On Thu, Jul 23, 2009 at 10:58 PM, Gary C Martin<gary at garycmartin.com> wrote:
> Hi James,
>
> On 23 Jul 2009, at 16:52, Jim Simmons wrote:
>
>> Yesterday I had an email exchange with Scotty Auble of the Rural
>> Design Collective project who have a list of 2,000 some odd books they
>> want to distribute to Sugar users without requiring them to have
>> Internet access.  The thought I had was Zip archives with a catalog
>> file, perhaps in Dublin Core format, and a new Activity that would
>> look inside these archives, generate a browsable catalog from the
>> catalog file, and allow the child to select the books he likes and
>> create Journal entries for them.  I copied this email to the IAEP list
>> but not here.
>>
>> I agree with the points Gary is making below and wonder if we need a
>> different kind of bundle that can be used to distribute collections of
>> books without requiring the child to install the whole collection.
>
> Just wondering. If I had a USB stick with 2,000 pdf, plain text, etext,
> djvu, epub etc files on it... if they are at least reasonably well titled
> file names (lets say at least title, author), then a child can:
>
> 1). pop in the USB stick
> 2). goto the Journal and select the external USB stick icon
> 3). search and/or browse the books by author / title
> 4). any entry they want can be dragged to their Journal icon
> 5). ...or clicking any object entry will both start it for reading and copy
> it into the childs Journal
>
> FWIW some find step 5 a limitation or design bug for Sugar, in that you
> can't work with files on external media that are larger than the free space
> you have left in your Journal. Step 4 could be better, as the icon for your
> Journal (appears in a bottom tray when additional media devices are
> present), is actually an XO kid icon, would be more logical to show the
> Journal icon I think. Step 3 clearly could be prettier but would require
> some way of generating live previews for the entries currently in view (and
> then you could use the proposed Journal grid view to view book covers).
>
> It's also worth noting that although directory structure of the external
> media is not displayed directly (Journal shows a flattened list of all
> files), the full directory path to the file is placed in its description
> field. This is all fully searchable data, so you could put all the Lewis
> Carroll books in a folder of that name, and that would be enough to allow
> you to query Journal for them.
>
> So just some well chosen directory names (by author seems sensible), and
> consistently well named files (i.e full title of book) would make quite an
> accessible solution. Perhaps if there's interest, we can polish some of the
> above steps to make it even smoother in 0.86?

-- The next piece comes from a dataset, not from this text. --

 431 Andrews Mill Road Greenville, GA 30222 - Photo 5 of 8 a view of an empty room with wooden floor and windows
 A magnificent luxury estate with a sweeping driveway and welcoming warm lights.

I agree with Gary that a well formed directory structure in a USB key
is a nice solution to begin with (though we need to think of better
ways to manage collections). However, it would become necessary, at a
certain stage to make the Journal aware of metadata files, either as
DC XML files, or OPDS catalogs. This is because, the various ebook
formats that we currently have differing levels of support for
embedding metadata - for example, at one end of the spectrum we have
CBZ (Comic Book Archive), which has zero support (AFAIK), and on the
other end, we have Epub, which support embedding an entire chunk of
Dublin Core metadata elements. For a simple schema like Title/Author,
we can use a directory structure, but for example, to support all the
15 elements specified in the simple Dublin Core specs, we would need a
quite convoluted directory layout.

Thanks,
Sayamindu



-- 
Sayamindu Dasgupta
[http://sayamindu.randomink.org/ramblings]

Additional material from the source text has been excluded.